Nothing outside the lines below from the one containing "Symphony of Chaos -抽象芸術実在アーティストのパレット コースター" through the one containing "Imagem de Kit" is to be printed; print those exactly, ends included, and drop the pictures.

EXERCISE MATERIALS:
★ ★ ★ ★ ★ ★ ★

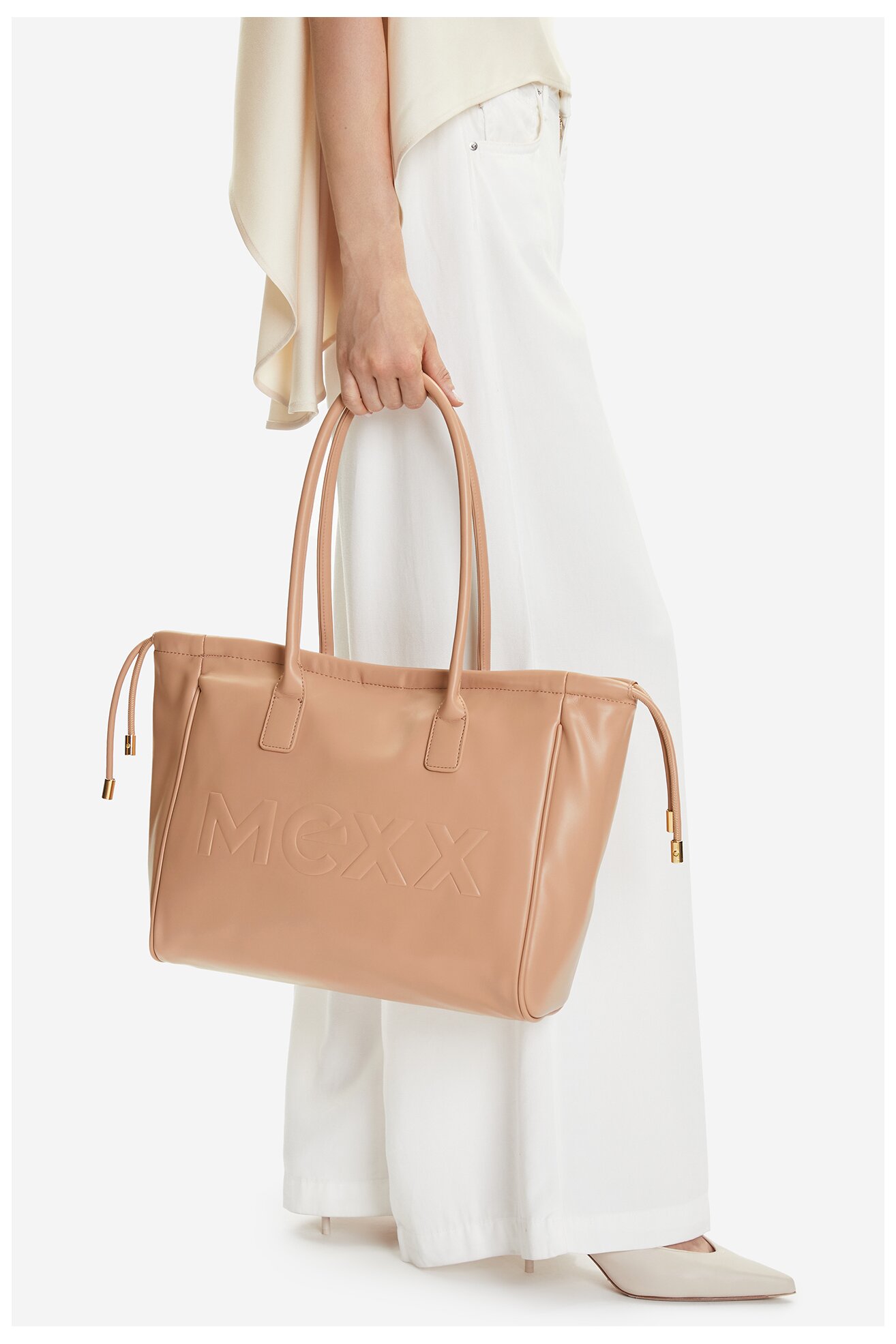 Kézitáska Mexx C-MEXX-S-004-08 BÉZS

★ ★ ★ ★ ★ ★ ★

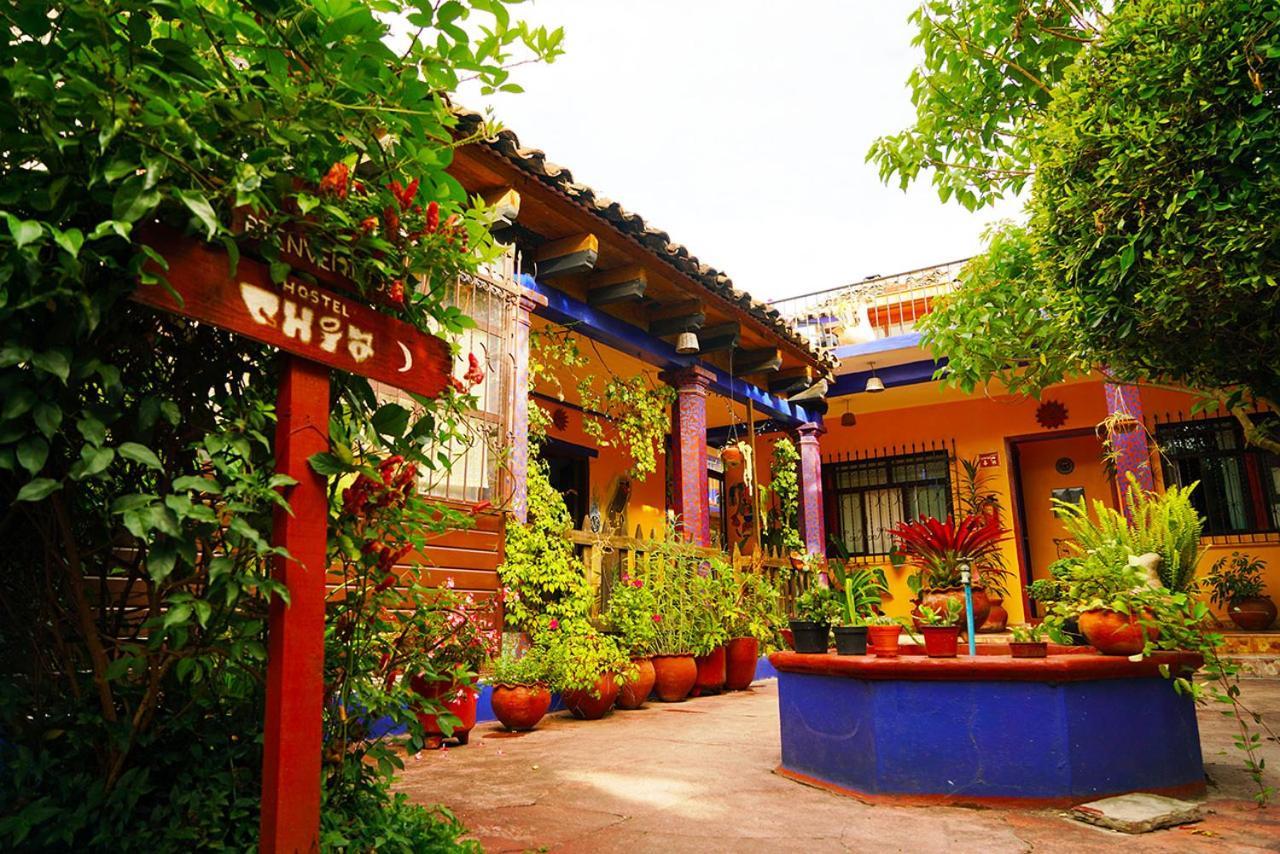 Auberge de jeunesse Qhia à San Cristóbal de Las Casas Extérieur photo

★ ★ ★ ★ ★ ★ ★

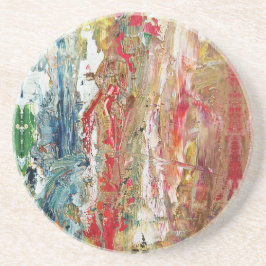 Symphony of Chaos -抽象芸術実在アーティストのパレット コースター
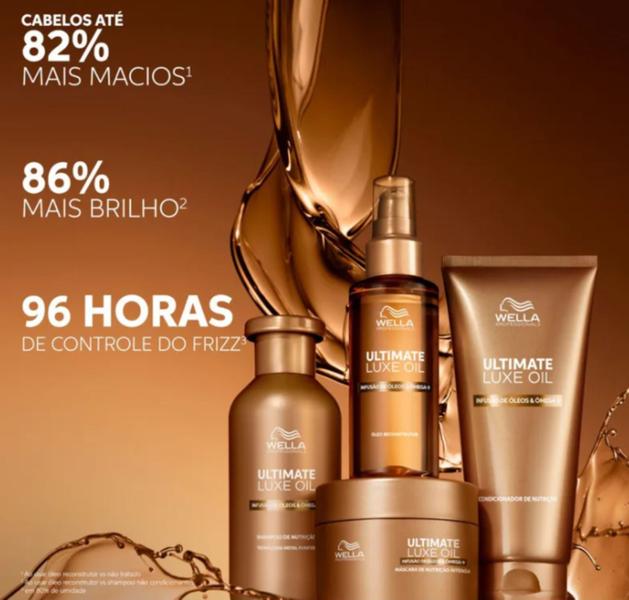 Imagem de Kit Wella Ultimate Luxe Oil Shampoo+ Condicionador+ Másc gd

★ ★ ★ ★ ★ ★ ★

SOLUTION BELOW:
 Symphony of Chaos -抽象芸術実在アーティストのパレット コースター
 Imagem de Kit Wella Ultimate Luxe Oil Shampoo+ Condicionador+ Másc gd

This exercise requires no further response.